Partnering with an experienced, tech-enabled, guest-facing 24/7 professional hospitality solutions provider is a great way of operating more efficiently and cost-effectively. By handing over essential processes such as channel marketing, distribution and guest communications to all-in-one tech platforms, owners and managers can be sure that these are in hand.
We see this in action at Jetstream, when investors want all-in-one proptech solutions to take responsibility for the whole guest journey, from bookings to guest screening and responding to guest needs as well as ensuring content and pricing is optimised for conversion across all the largest global short-term rental marketplaces.
The upshot is that investors can get involved easily, harness the innovative tech on offer and increase their revenue opportunities.
In 2021, 88% of managers plan on differentiating their business by increasing or optimizing their tech stackBreezeway
Short-term rental tech stacks
None of this would be possible without the rise in tech adoption across short-term rentals. Managers are using operational tech solutions as the norm, building their businesses to deliver contactless, seamless stays for guests (particularly relevant for our remote workers). A recent survey from Breezeway found that “in 2021, 88% of managers plan on differentiating their business by increasing or optimizing their tech stack”.

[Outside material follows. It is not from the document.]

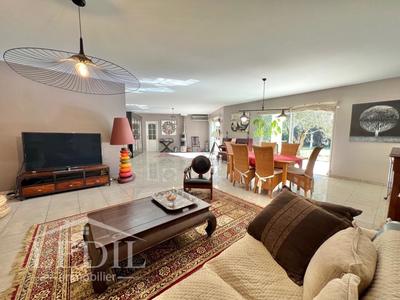 Maison - 207 m² - 5 pièces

Digital native travellers and workers require keyless entry and smart home tech solutions as standard, and owners want guest screening checks in place to protect their properties. To meet these varied expectations, streamline operations and reduce financial risk, owners and managers can now take advantage of the innovative platforms to realize fully the potential incremental revenues available from flexible rentals.
Getting “teched up” is an essential part of making this sector profitable for investors. As we all continue to live and work more flexibly, I think that the short-let market will attract new investors as well as new guests in the future. Furthermore, staying nimble as a property owner is vital to keep up with market changes. Tech solutions enable investors to keep pace with guest needs, flexible living trends and operational challenges.
When tech is combined with high-quality, no-strings-attached accommodation, people can truly experience the benefits of living flexibly and owners or investors can really maximise the potential of their assets.